**Required work**
Print out the data exactly, keeping every image out of it.

**Information supplied**
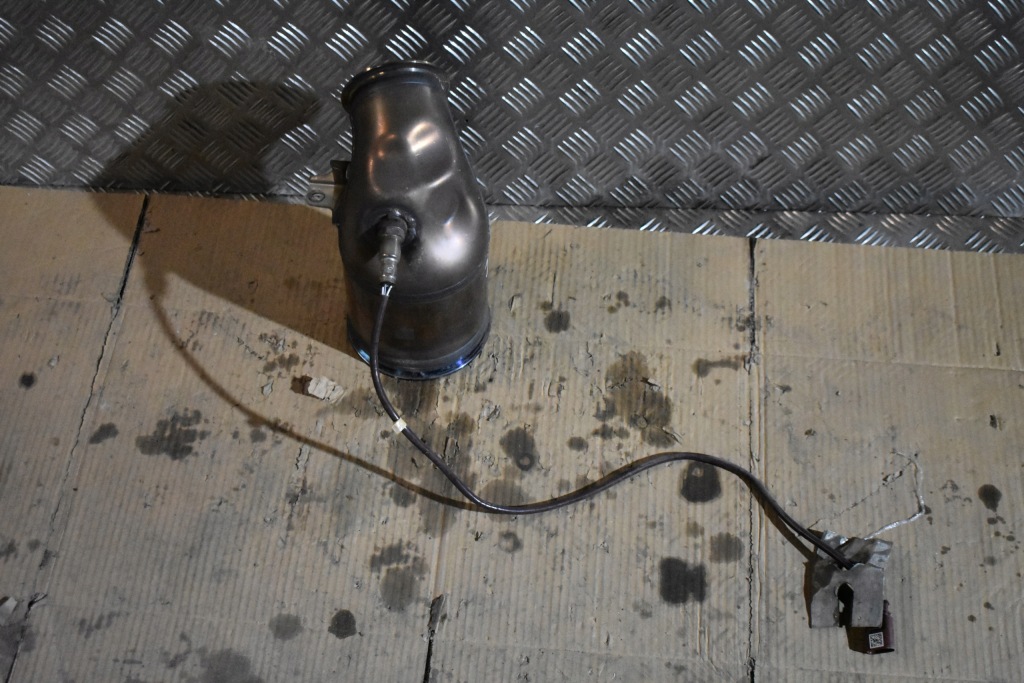 фото №1, Idealny каталізатор лівий porsche panamera 971 4.0tfsi 1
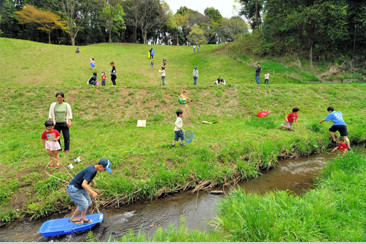 子どもたちがそり遊びをしている梅田川「三保念珠坂（みほねんじゅざか）公園」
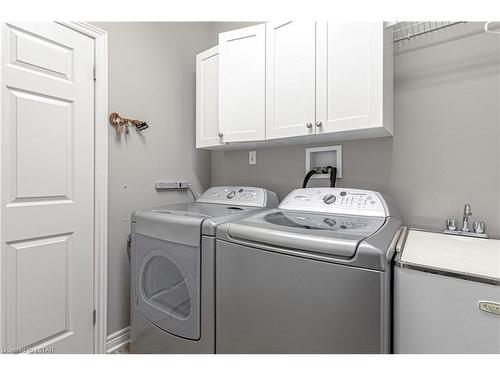 28 Pinehurst Dr Drive, Dorchester, ON - Indoor Photo Showing Laundry Room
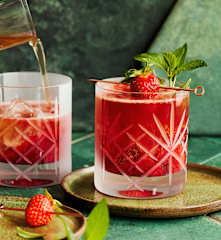 Erdbeer-Kombucha-Mocktail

**Response**
 фото №1, Idealny каталізатор лівий porsche panamera 971 4.0tfsi 1
 子どもたちがそり遊びをしている梅田川「三保念珠坂（みほねんじゅざか）公園」
 28 Pinehurst Dr Drive, Dorchester, ON - Indoor Photo Showing Laundry Room
 Erdbeer-Kombucha-Mocktail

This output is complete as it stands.